The more you can get your reader to relate to you, to feel like he’s basically like you, the better chance you have of communicating, “Hey, if it worked for me, it will totally work for you.”
There are two primary ways to get attention.
You can do tons of great stuff for people, make yourself useful, be incredibly nice and friendly, and maybe crack a joke from time to time.
You can make a belligerent, loud, annoying pain in the ass of yourself.
They both work — if your goal is to get attention.
Some people have a gift for drawing attention to themselves by being spectacular jackasses.
It tends not to work too well (commercially, anyway) if you’re just an ass.
If you’re building relationships by providing valuable content, the best way to do it is to keep it slow and steady.
Create a steady, predictable rhythm with your content, whether it’s your blog, your email newsletter, your podcast, whatever.
Keep giving that high-quality free content, delivering those results in advance, and letting everyone know you’re a good egg.
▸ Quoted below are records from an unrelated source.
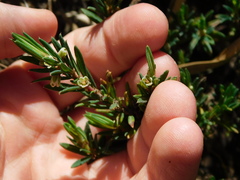 Phyllanthus ramillosus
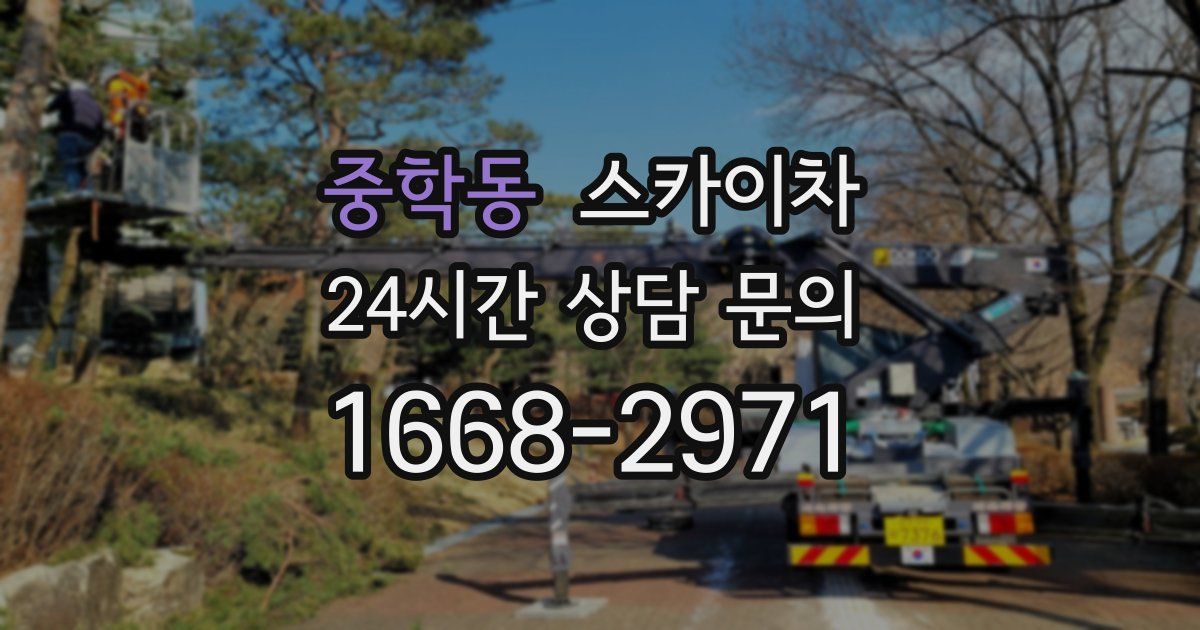 중학동 스카이차
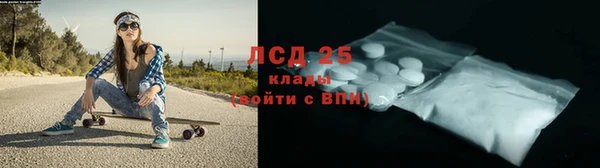 крисы Новозыбков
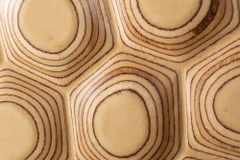 Massives Sideboard ORGANIC LIVING 175cm Mangoholz organisches Design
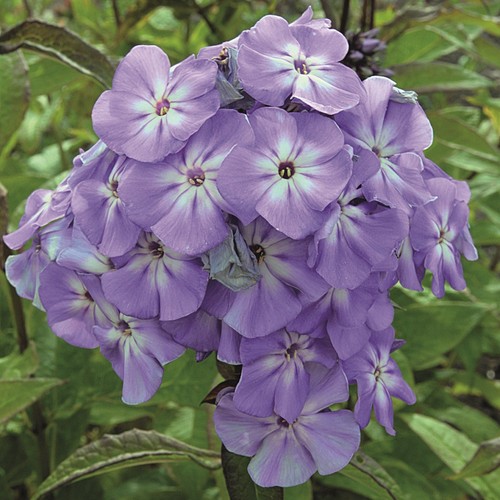 Garden phlox blue boy - phlox, fragrant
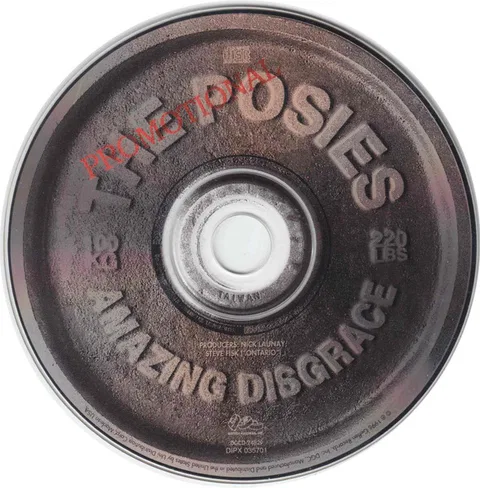 Amazing Disgrace - Foto 3 de 3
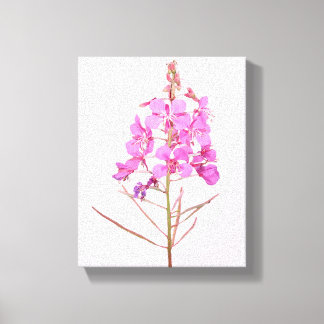 Pretty pink flowers simple modern floral botany canvas print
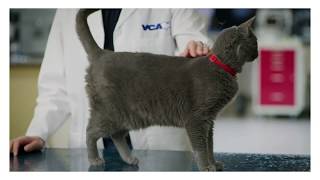 How can I tell if my cat is overweight [upl. by Enirahtak]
A nice, predictable frequency also demonstrates that you’re reliable.
Bloggers are often excellent at letting their audiences know they care, that they’re good people, that they share the same problems as their readers.
Sometimes they’re not so good at actually demonstrating that they know what they’re talking about.
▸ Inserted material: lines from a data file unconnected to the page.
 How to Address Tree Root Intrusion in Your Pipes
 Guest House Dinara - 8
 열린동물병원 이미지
I hope it goes without saying that bashing other bloggers for the sake of getting attention is a “success limiting maneuver.”
Constructive, legitimate criticism is fine.
But being a professional hater is just lame.
It can work (a little) in the short-term, because negativity attracts attention.
But bashing someone just to have someone to bash turns you into a jerk and a whiner.
Anyway, there are too many nasty people on the web — it doesn’t actually make you stand out.
Take a look at the content you’re producing (email, blog, twitter, Facebook, special report, whatever) and see how many of these relationship builders you can include.
Which of these do you think you’re strongest at?
Do more of it — build on that strength.